Metrics (or Estimation) Specialist performs the role of "Chief Memory
Officer"; that is, someone who remembers the past, so that we can avoid
the same mistakes in the future. [1] As a software development manager, I
became interested in software metrics for providing decision support
information related to my projects. Software metrics provide many
benefits for such things as managing outsourcing contracts, process
improvement, productivity benchmarking, and balanced scorecards; however,
you would be missing one of the greatest benefits, if historical software
metrics were not used for making decisions and planning projects.
The analysis
of project level data has taught me some lessons over the years, which I
will share. All of this analysis was done using QSM’s SLIMtm
tools. This includes the primary components of the PBN process, which
are to:
1. Collect, slice
and dice internal historical project data
2. Normalize the
software project data for comparison
3. Trend the data
4. Analyze the data
to discover facts
5. Use the analysis
results for planning software projects
Collect, Slice,
and Dice the Data
To begin with,
data must be collected for internal historical projects. This can be done
via a productivity benchmark [2, 3] or this could be accomplished by less
formal methods; however, the data must include the SEI CMM core measures
of size, effort, schedule, and defects [1]. Data consistency is the key
to having a good decision support database. In order to insure
consistency, document the rules in a data dictionary. Also, when building
an internal historical project repository, the project data points should
be categorized. Allow for enough stratification such that apples to
apples project comparisons can be made if needed; such as, project type,
environment, user organization, development organization, language, etc.
Next, the
Metrics Specialist needs a "slicer and dicer," with the capability to
extract and analyze the data statistically. This can be accomplished
using software metrics tools such as QSM’s SLIM-Metricstm
and DataManagertm. Specific project data can be
compared to the entire database, specific subsets of data, or both.
Ideally, if you have access to industry data (QSM, IFPUG, etc.),
benchmarking specific project data against industry data is also
beneficial as an additional decision point. However, the benefit of
having internal historical project data cannot be overemphasized.
Normalize the Data
One of my
metrics discoveries was the importance of normalizing project size
data for statistical trending. This is not to argue the merits of Source
Lines of Code (SLOC) versus Function Points (FP), since I use both
measures. However, my objective is to describe how I have been using
these measures, continuously improving the results as I refined my
techniques by using discovery metrics. [7] There is no perfect software
sizing measure; therefore, I use the best aspects of both the SLOC and FP
measures, which in my opinion achieves better results, as long as you use
consistent counting methods. I primarily use FP's for sizing project
estimates. Because FP's reflect the user view of a software project, a FP
count can be accurately determined based upon the software requirements.
As the project requirements change, the FP count can be updated to reflect
changes in project size.
I first tried
using Function Points as the size component for statistically trending
historical project data.
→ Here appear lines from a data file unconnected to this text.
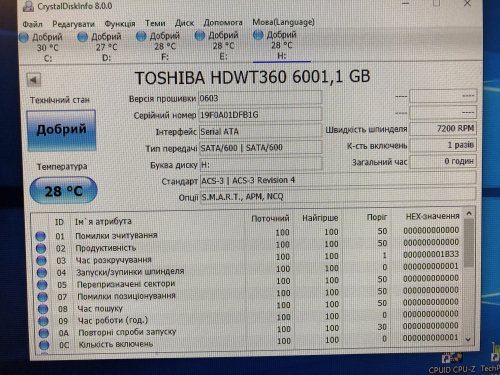 Фото Жорсткий диск Toshiba S300 Pro 6 TB (HDWT360UZSVA) від користувача barmaleikin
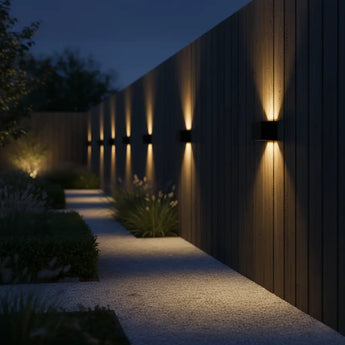 applique murale extérieure LED, lampe extérieure avec détecteur de mouvement, éclairage extérieur IP65, applique extérieure noir 24W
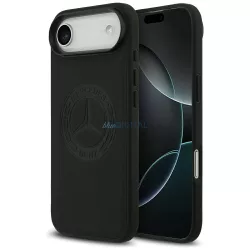   Mercedes Leather Vintage Logo MagSafe tok iPhone Air fekete bőrhöz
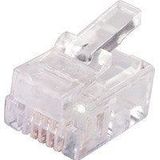 Stekkers - RJ11 - 10 Stuks - Modulair - 6/4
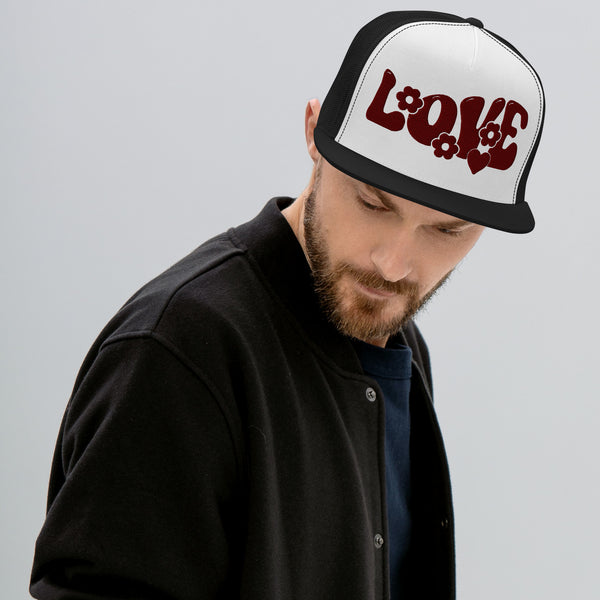 Expressive Love - Trucker Cap - Black White Black - Caps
However for this purpose, I discovered that
there is not a strong convergence of data, unless the project size values
are normalized based upon programming languages and code mix. Therefore, I
convert FP's to SLOC. This can be done using Industry Factors such as
those provided by SPR (Capers Jones) or as illustrated in the September
2000 issue of ITMS [1], but preferably you should use
SLOC/FP factors that have been internally calibrated. I have also found
that it is important to normalize project size, in relation to the effort
required to produce the code (new, modified, reused, tested, etc.), for
determining the productivity rate to use for a project estimate.
In the early
1980's, Robert Tausworthe of the Jet Propulsion Laboratory of the
California Institute of Technology, determined a relationship between the
effort to develop new code and the effort to modify code. Basically, the
theory suggests that if the effort to develop a line of new code is taken
as unity, then the effort to modify a line of existing code is some
fractional value. The values that Tausworthe found on a number of JPL
rehosting contracts are shown in Table 1. [4, 5] I do not always use the
full range of Tausworthe factors, simplifying it most of the time to using
factors of 1.0 for new/conversion code, and .24 for modified/deleted code
(.24 is the average of all of the effort ratios except for "New Code").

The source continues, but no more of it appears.